| RECORDED DATA |

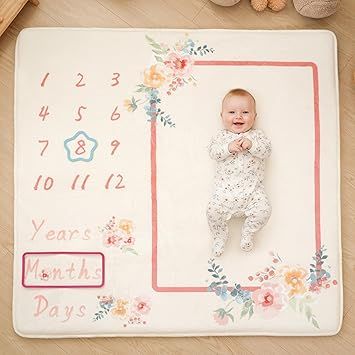 1.3" Thick Playmat for Floor, 50 x50 Monthly Milestone Mat, Padded Support Soft Plush Nursery Mats for Crawling Kick Activity, Flannel Photography Background Prop for Grils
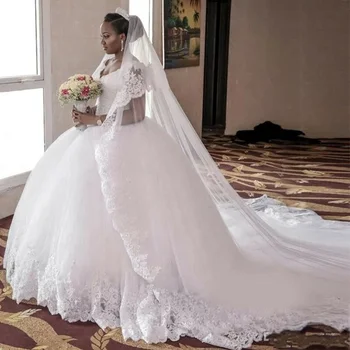 Moda Afriške Žogo Obleke Poročne obleke Proti-vrat brez Rokavov Čipke Appliqued po Meri Izdelane Poročne Obleke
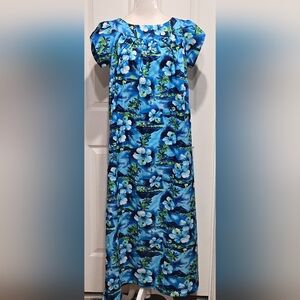 Vintage Made In Hawaii Floral Blue Hibiscus Palm Tree Tropical Muumuu Dress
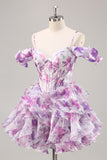 Purple Floral Cold Shoulder Chiffon Corset Short Homecoming Dress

| TO DO |
Give back, unaltered, each line of the listing from the first to the line that contains "Moda Afriške Žogo", leaving every picture out.

| ANSWER BOX |
 1.3" Thick Playmat for Floor, 50 x50 Monthly Milestone Mat, Padded Support Soft Plush Nursery Mats for Crawling Kick Activity, Flannel Photography Background Prop for Grils
 Moda Afriške Žogo Obleke Poročne obleke Proti-vrat brez Rokavov Čipke Appliqued po Meri Izdelane Poročne Obleke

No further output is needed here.